Have you ever bothered to listen to Rush Limbaugh’s show?
I can’t even count the number of rap, hard rock or hip-hop songs and videos that I’ve found disgusting or degrading to women. How many horrible speeches have we heard this election season that could have made even the most insensitive types want to strangle someone?
My husband told me once about an Indian guy he worked with who found it very interesting that Americans spoke negatively about their president in public. In many countries, you might be imprisoned for doing such a thing or suddenly found dead somewhere.
In many African countries that are trying to find their way after years of political dictatorship, you or your loved ones might be killed if the government even thinks you oppose it. Write a letter to the editor or a column criticizing the governor of your state and you might find yourself out of a job or demoted at least. Not that these things don’t happen in the U.S., but we do have legal recourses if we suspect such tactics to dissuade our freedom of speech.

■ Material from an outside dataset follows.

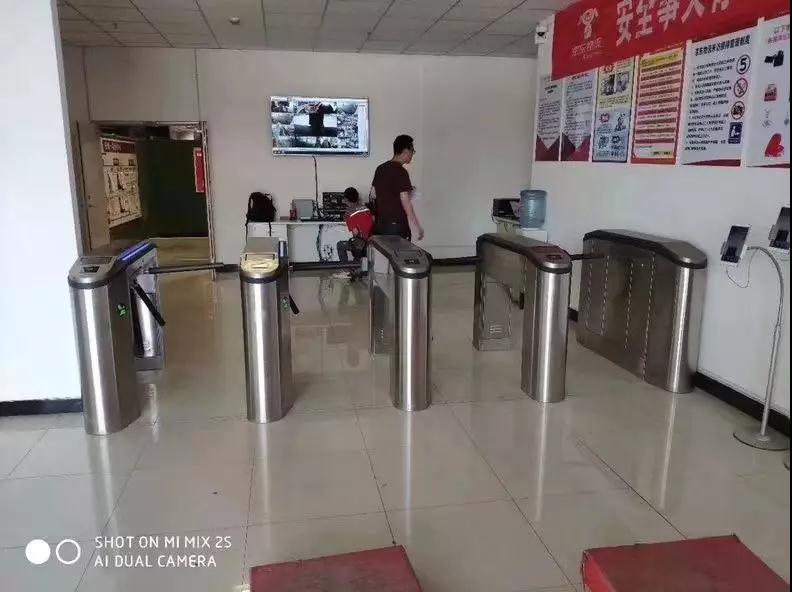 【工程案例】 mg冰球突破十大平台三辊闸协助管理京东西安分拣中心人员出入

So, where am I going with all this?
This is only my view from the Other Atlantic City, but I think there are people out there who are deliberately trying to incite Arabs — many but not all of them Muslim, who are already reeling from years of socio-political and economic trauma — with that “silly little film” as one Islamic scholar recently referred to it. They will not be happy until the entire Middle East is up in flames and the corpses of people from all of those countries are scattered about the streets and countrysides.
Movies, TV shows, plays, every type of creative art form is meant to entertain us, amuse us, move us to take action, and even provoke us, positively or negatively. We are used to this in the West where we have been living in relative prosperity now for decades.
When people have been through or are in the midst of very difficult times, it is not hard to see why a film, song, poem or news article can move them into the streets. We never want anyone to die during such events, but sadly, it does happen.
Maybe the voices of peace, collaboration and compromise should be louder, or at least demand more coverage from media outlets. More than one of my Jewish friends has told me that there are more and more Jews and Israelis who are for a two-state solution with the Palestinians. How often do we hear the voices of these people?
How often do we hear about the many organizations that for years have been bringing Palestinian, usually Muslim, children and Israeli-Jewish children to the U.S. to live and work together in a spirit of understanding and unity?
We all want to live in a peaceful world. We all want food, clothing, affordable housing and healthcare for our families. If we want it for ourselves, shouldn’t we also want it for others?